● Aim of the exercise: Below are the records to retype. Keep every character exactly and leave out the pictures.

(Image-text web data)

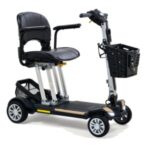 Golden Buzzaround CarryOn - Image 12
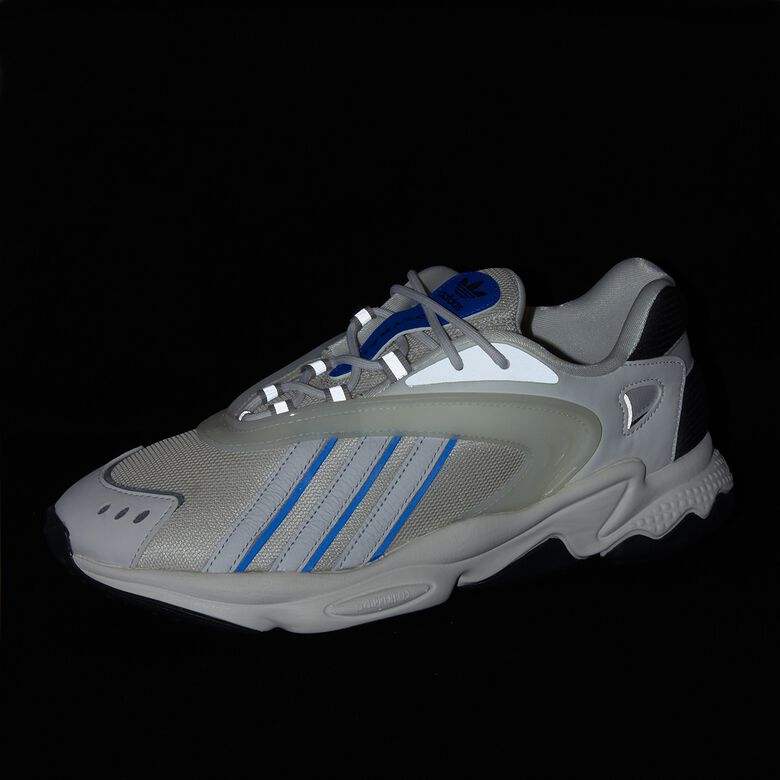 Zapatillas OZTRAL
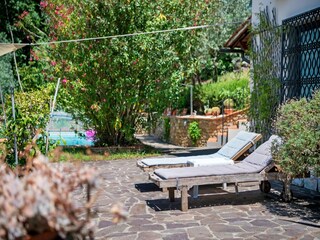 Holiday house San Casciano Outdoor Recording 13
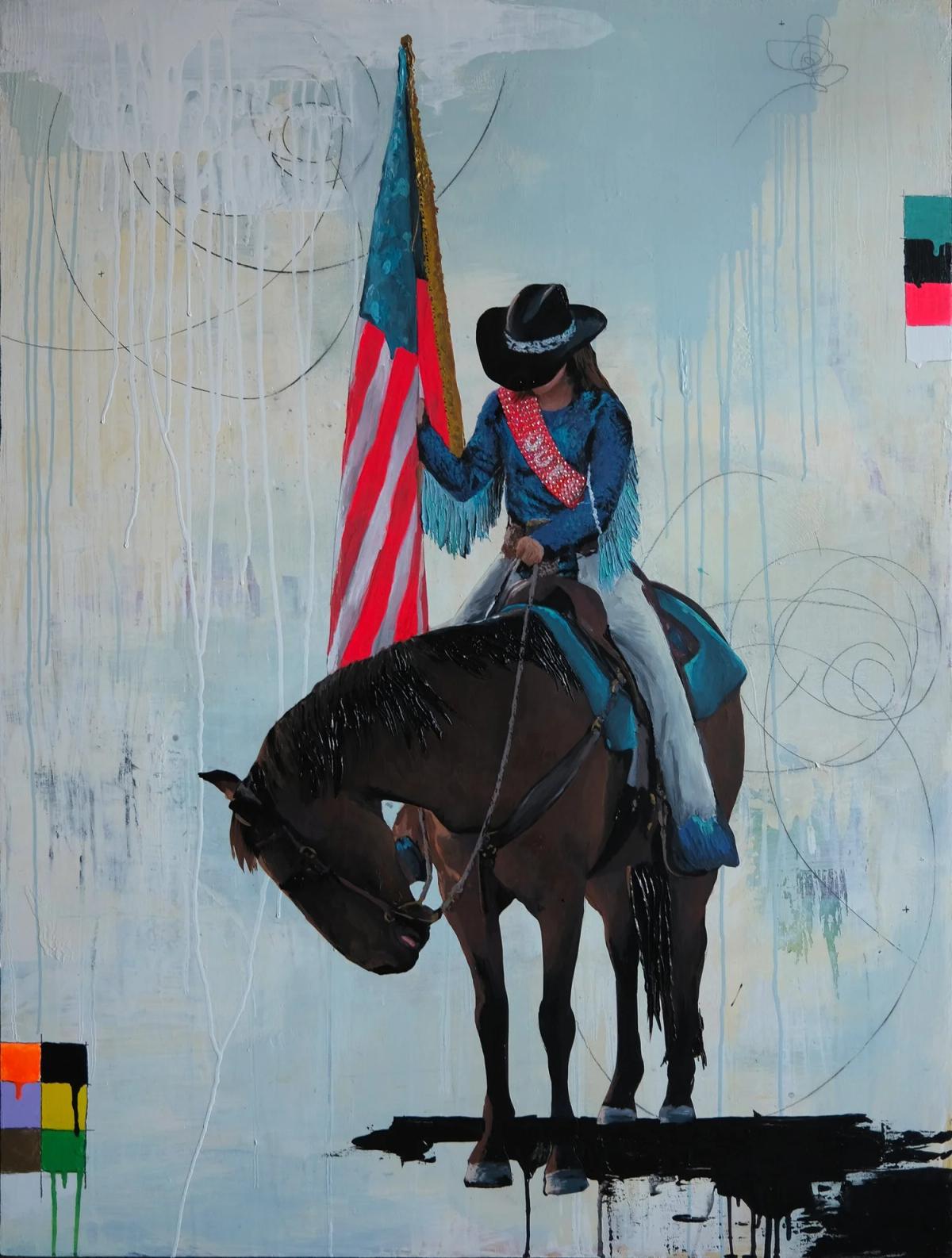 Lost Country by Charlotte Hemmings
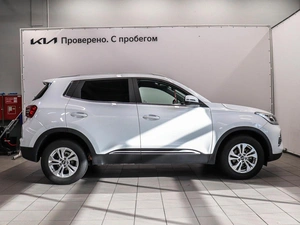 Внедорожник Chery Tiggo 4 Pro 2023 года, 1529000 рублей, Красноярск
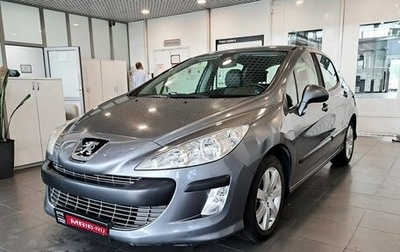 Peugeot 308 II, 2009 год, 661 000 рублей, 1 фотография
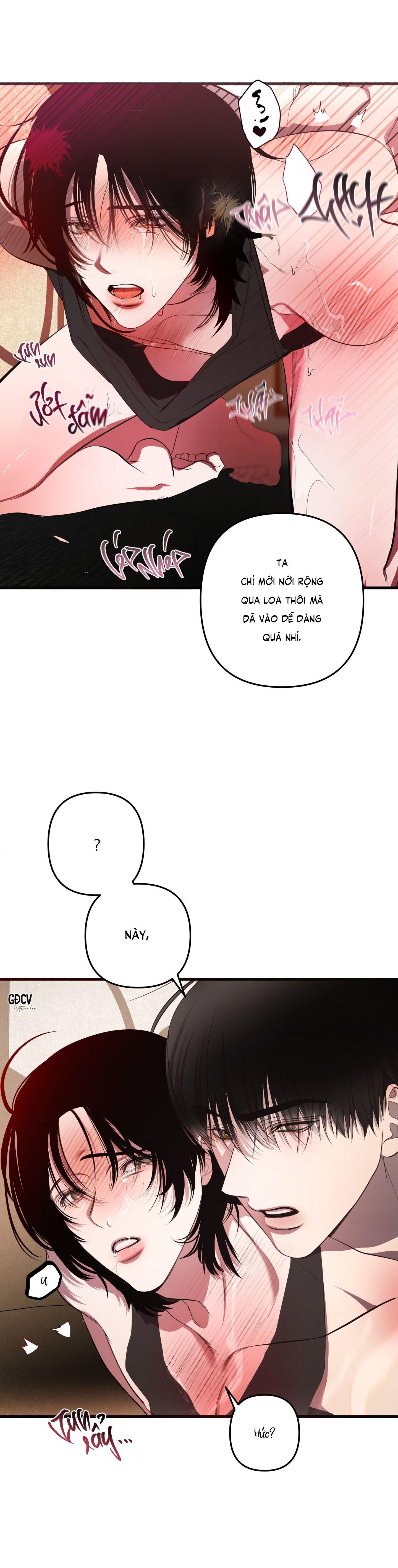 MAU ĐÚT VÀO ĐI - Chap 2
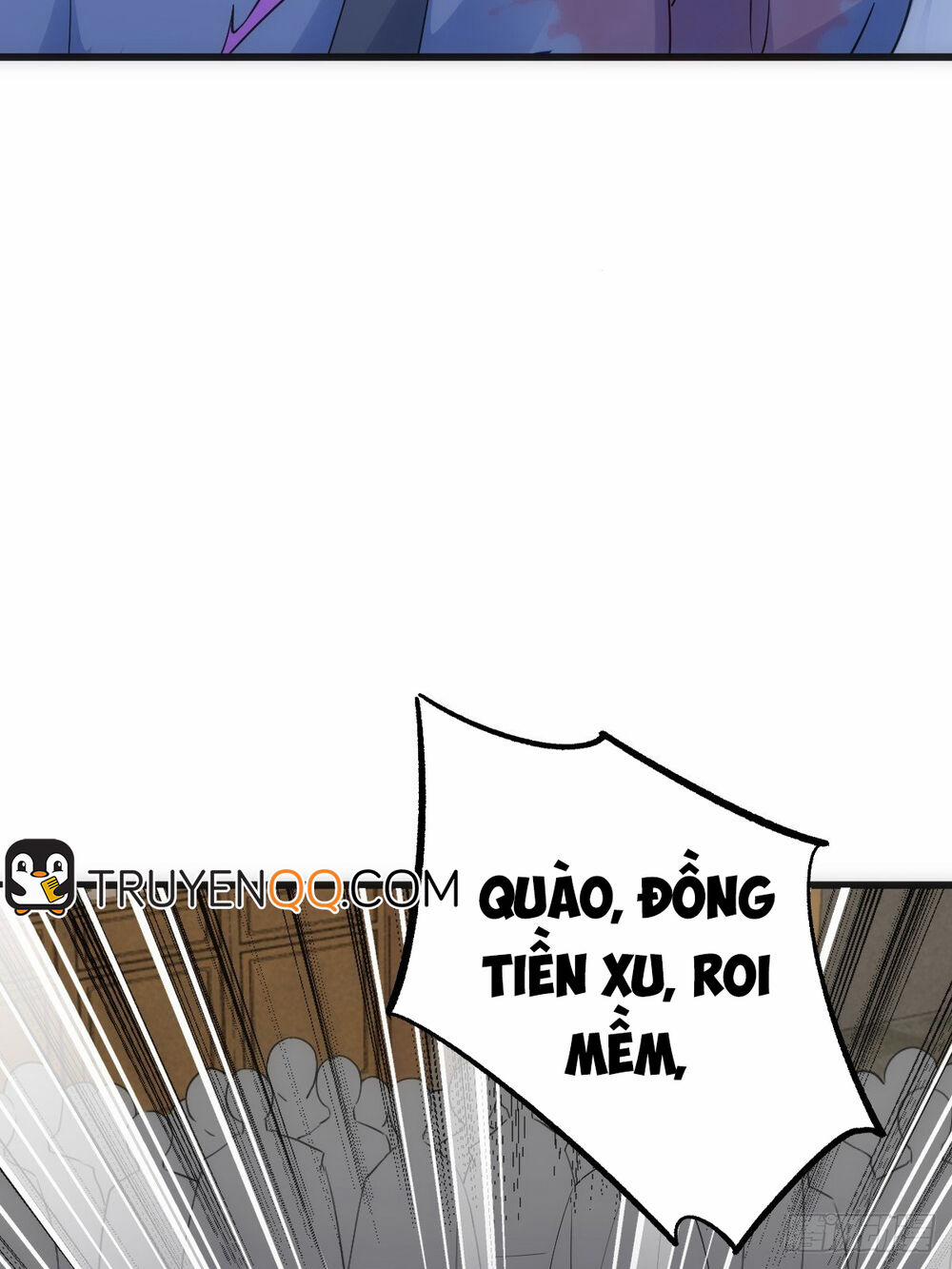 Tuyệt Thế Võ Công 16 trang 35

● Result of this task:
 Golden Buzzaround CarryOn - Image 12
 Zapatillas OZTRAL
 Holiday house San Casciano Outdoor Recording 13
 Lost Country by Charlotte Hemmings
 Внедорожник Chery Tiggo 4 Pro 2023 года, 1529000 рублей, Красноярск
 Peugeot 308 II, 2009 год, 661 000 рублей, 1 фотография
 MAU ĐÚT VÀO ĐI - Chap 2
 Tuyệt Thế Võ Công 16 trang 35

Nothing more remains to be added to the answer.